Gold nanoparticles (Au-NPs) are used in many applications, including the manufacture of products like cosmetics, paints, and electrochemical immunosensors, and in the detection, diagnosis, and treatment of tumors. However, there are no legal or recommended guidelines for protecting aquatic ecosystems from Au-NPs. In this study, we conducted a battery of bioassays and present toxicity values for two bacteria, one alga, one euglena, three cladoceran, and two fish species that were exposed to Au-NPs. Guideline values for protecting aquatic ecosystems from Au-NPs were derived using methods that are generally used to derive water-quality guidelines and are used in Australia, New Zealand, Canada, the European Community (EC), and the USA. Au-NPs had adverse effects on all test species, including growth inhibition of both bacteria, the alga, and the euglena; mortality and immobilization in the three cladocerans; and developmental malformations in the embryos and larvae of the two fish. Guideline values of 0.15 and 0.04 × 10(10) particles/mL were derived for Au-NPs using a species sensitivity distribution (SSD) and assessment factor. The guideline value derived for Au-NPs using an assessment factor was more stringent than that derived using SSD. This is the first study to derive guideline values for nanoparticles in water environments.

Derivation of guideline values for gold (III) ion toxicity limits to protect aquatic ecosystems.

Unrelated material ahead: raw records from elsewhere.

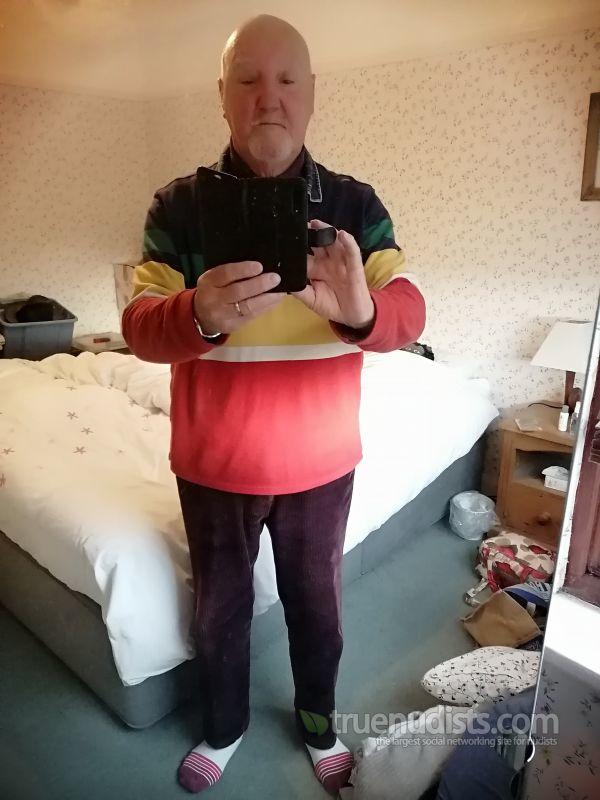 johnbiggles nudist picture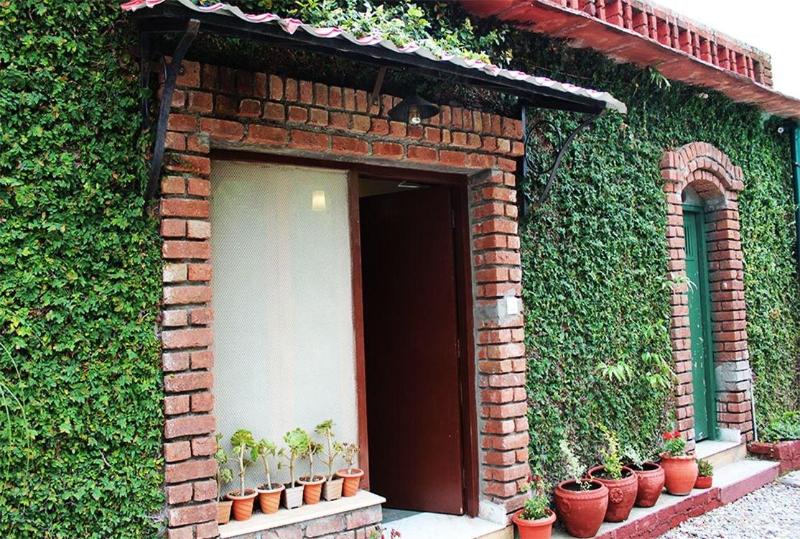 Jharipani Castle image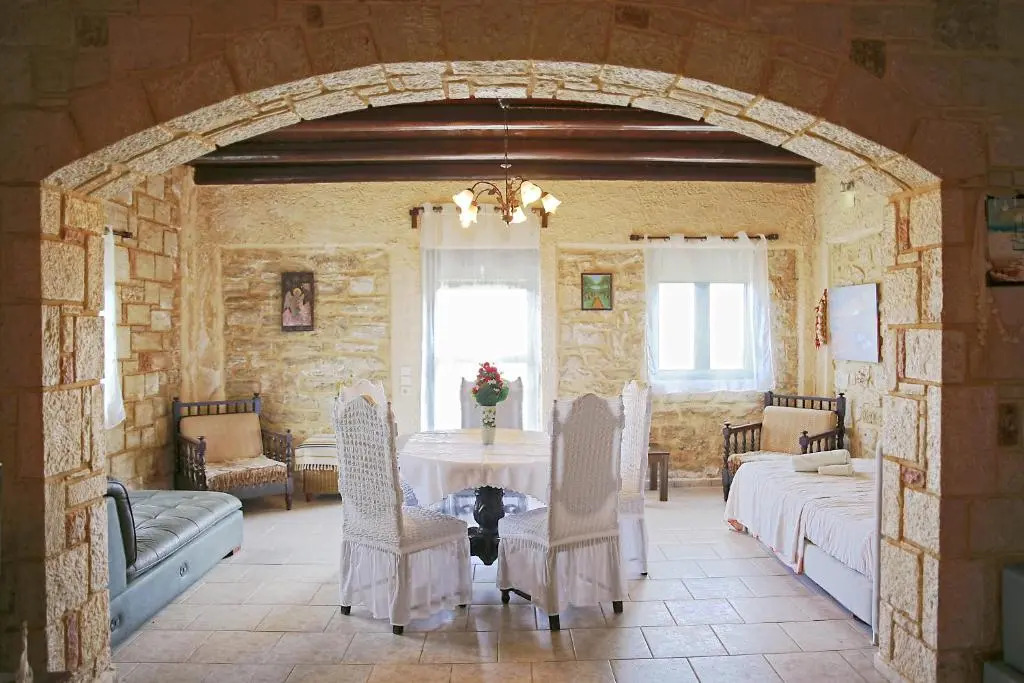 Irene Stone Villa - Private Pool - Sleeps 6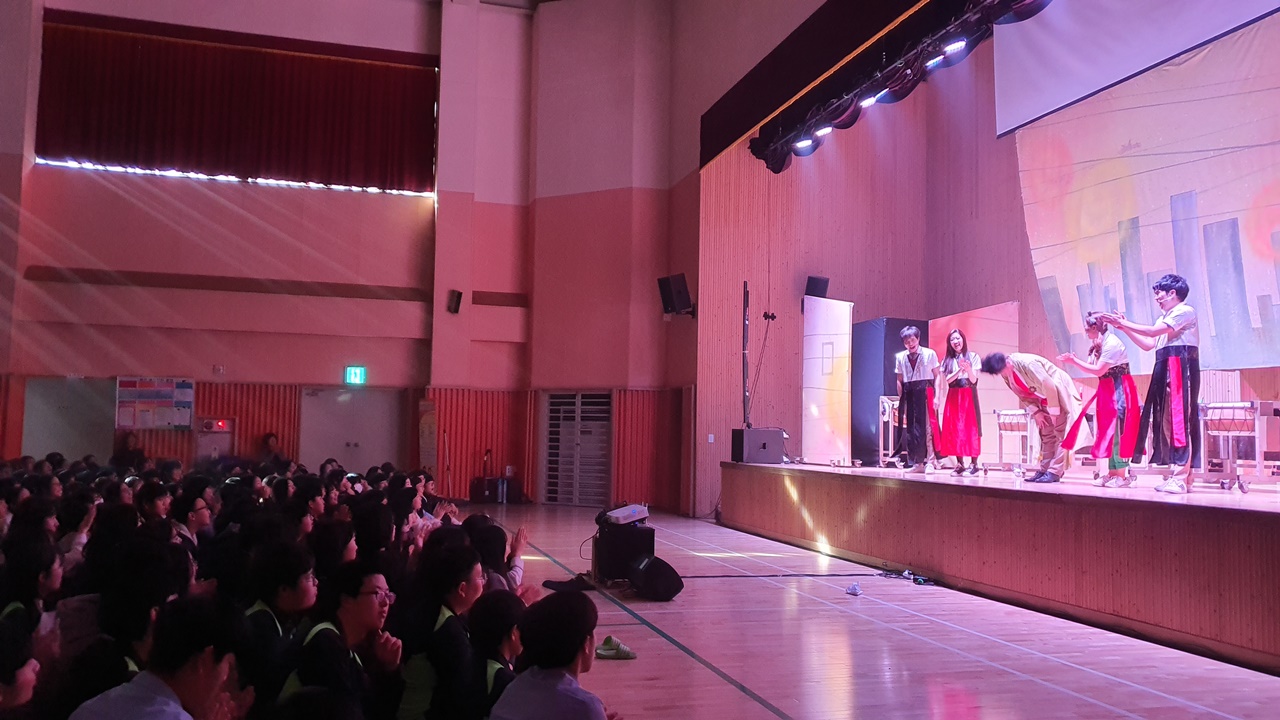 하트비트 창원 감계중 공연 (4).jpg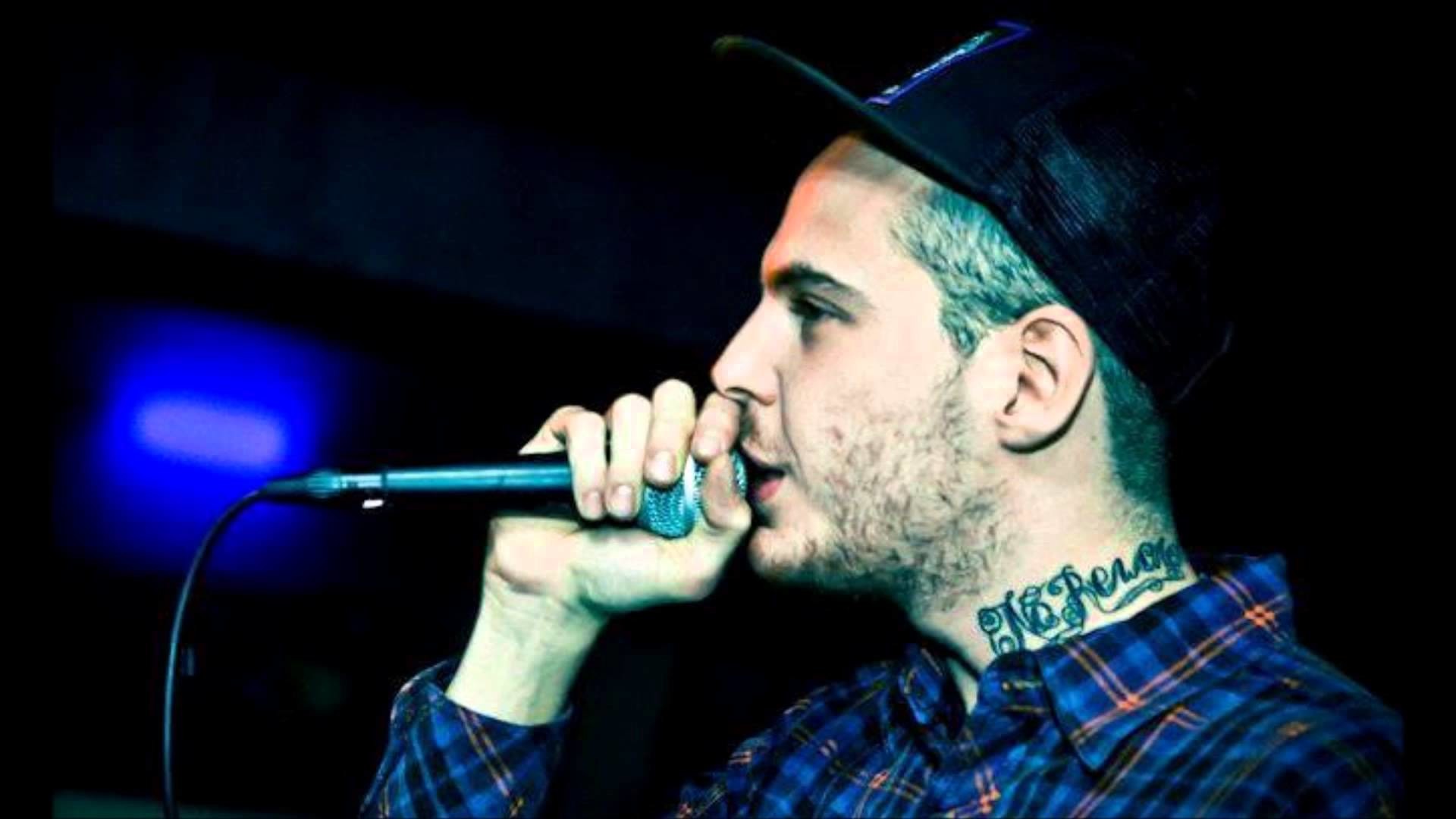 Gemitaiz, Concerto, Microfono, Cappellino, Tatuaggio, Full HD, sfondo Windows 11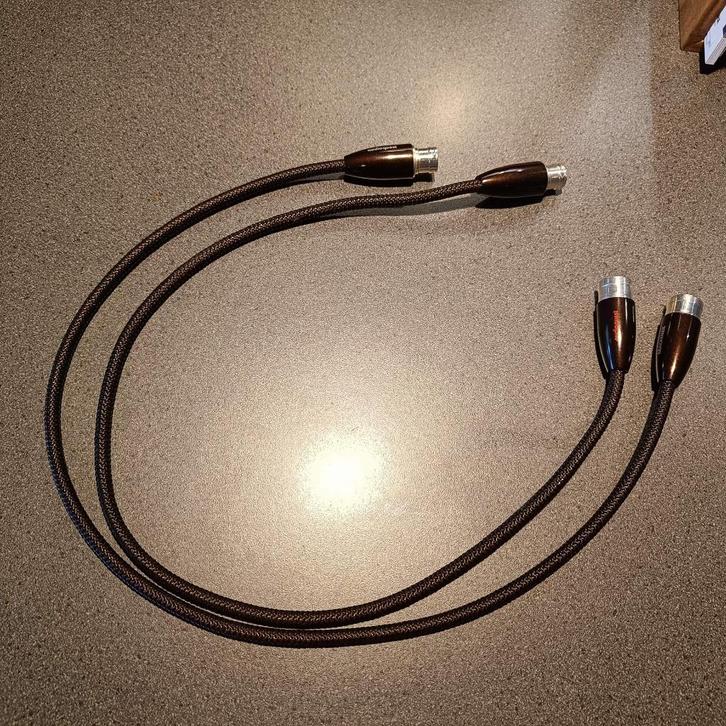 Audioquest Mackenzie XLR, Audio, Tv en Foto, Audiokabels en Televisiekabels, Zo goed als nieuw, Interlink-kabel, Minder dan 2 meter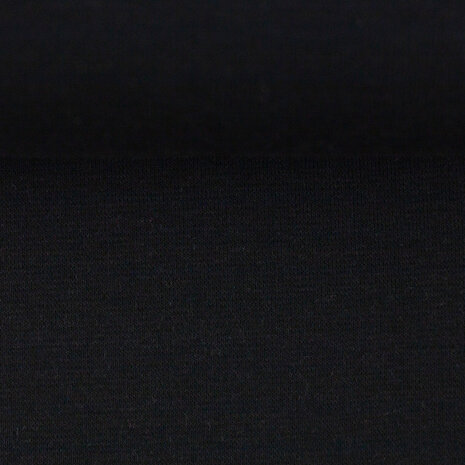Vanessa: tricot zwart, 160 cm breed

This study focused on estimating the toxicity values of various aquatic organisms exposed to gold (III) ion (Au(3+)), and to propose maximum guideline values for Au(3+) toxicity that protect the aquatic ecosystem. A comparative assessment of methods developed in Australia and New Zealand versus the European Community (EC) was conducted. The test species used in this study included two bacteria (Escherichia coli and Bacillus subtilis), one alga (Pseudokirchneriella subcapitata), one euglena (Euglena gracilis), three cladocerans (Daphnia magna, Moina macrocopa, and Simocephalus mixtus), and two fish (Danio rerio and Oryzias latipes). Au(3+) induced growth inhibition, mortality, immobilization, and/or developmental malformations in all test species, with responses being concentration-dependent. According to the moderate reliability method of Australia and New Zealand, 0.006 and 0.075 mg/L of guideline values for Au(3+) were obtained by dividing 0.33 and 4.46 mg/L of HC5 and HC50 species sensitivity distributions (SSD) with an FACR (Final Acute to Chronic Ratio) of 59.09. In contrast, the EC method uses an assessment factor (AF), with the 0.0006 mg/L guideline value for Au(3+) being divided with the 48-h EC50 value for 0.60 mg/L (the lowest toxicity value obtained from short term results) by an AF of 1000. The Au(3+) guideline value derived using an AF was more stringent than the SSD. We recommend that more toxicity data using various bioassays are required to develop more accurate ecological risk assessments. More chronic/long-term exposure studies on sensitive endpoints using additional fish species and invertebrates not included in the current dataset will be needed to use other derivation methods (e.g., US EPA and Canadian Type A) or the "High Reliability Method" from Australia/New Zealand. Such research would facilitate the establishment of guideline values for various pollutants that reflect the universal effects of various pollutants in aquatic ecosystems. To the best of our knowledge, this is the first study to suggest guideline values for Au(3+) levels permitted to enter freshwater environments.